I agree it does have an interesting layout. I'll play with it more as well. 

Peace...


----------



## Elvandil (Aug 1, 2003)

Takes some getting used to..many searches say that nothing was found until you check under the other tabs. But supposedly they index 5-times more pages than Google, so it may help for those obscure things.


----------



## TechGuy (Feb 12, 1999)

I seem to get no results for very obscure searches... but works in Google. Makes me wonder how the two companies really count pages. The layout is smart, though. I'm not sure if I'll ever dig the "Cuil" name, though.


----------



## Elvandil (Aug 1, 2003)

Did you try the other tabs at the top? ven when I got a notice that nothing was found, there were results under the other tabs.


----------



## tomdkat (May 6, 2006)

Well, I'm seeing some strange behavior. Earlier on today, I did a Cuil search on "NAT traversal" and no results were found. Then, I got home and searched for it again and found results. Strange.

Peace...


----------



## TechGuy (Feb 12, 1999)

I'm sure they're having a tough time coping with the huge and sudden load.


----------



## Elvandil (Aug 1, 2003)

Do you have your cookies on for that site? Some sites seem to store data temporarily in a cookie to remember your search query. Maybe they are experimenting.


----------



## tomdkat (May 6, 2006)

Elvandil said:


> Do you have your cookies on for that site?

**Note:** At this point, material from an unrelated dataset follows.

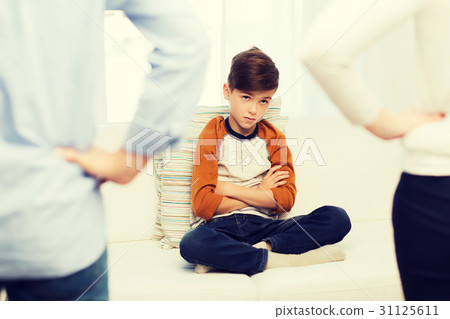 upset or feeling guilty boy and parents at home 31125611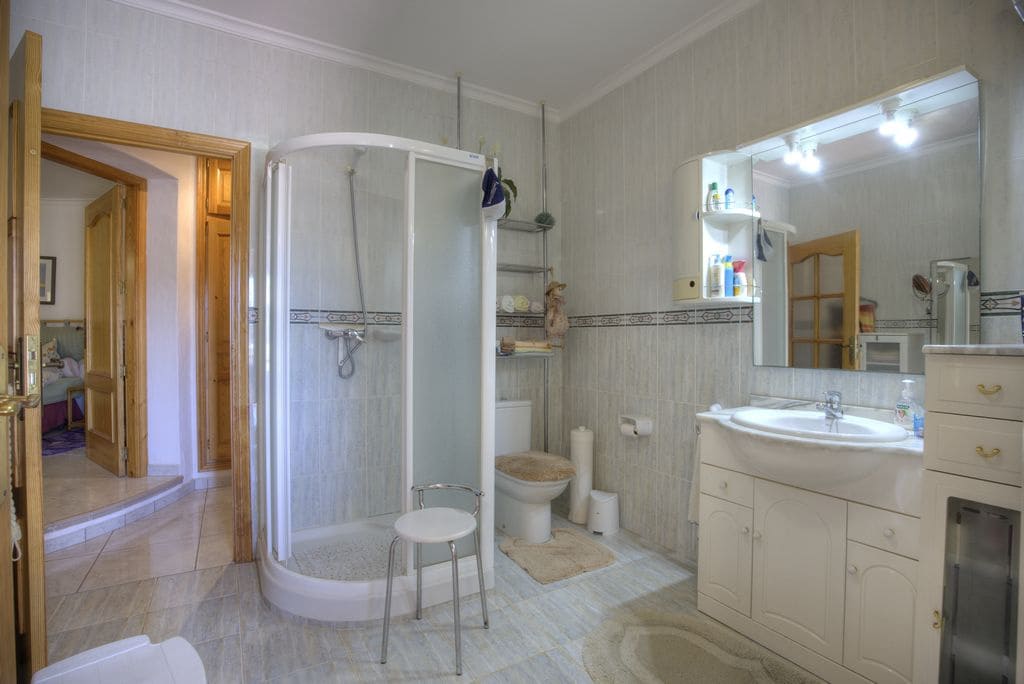 4 soverom Villa til salgs i Benissa med svømmebasseng garasje - € 766 000 (Ref: 9782371)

Yep. I don't do any "custom" cookie filtering on any of the browsers I use. Since then, I've been getting results back for searches on "NAT traversal" so it might have been a temporary system thing on their end.

Peace...


----------



## ablaye2008 (Aug 19, 2008)

I have tried and I can say with confidence that it isn't anywhere as good as Google.
I did searches on both search engines and Google results were far more accurate in terms on what I was looking for.


----------



## ekim68 (Jul 8, 2003)

Growing pains, tough to compete with 200,000 servers...


----------



## JohnWill (Oct 19, 2002)

I've tried it a couple of times, but I'll stick to Google for now.


----------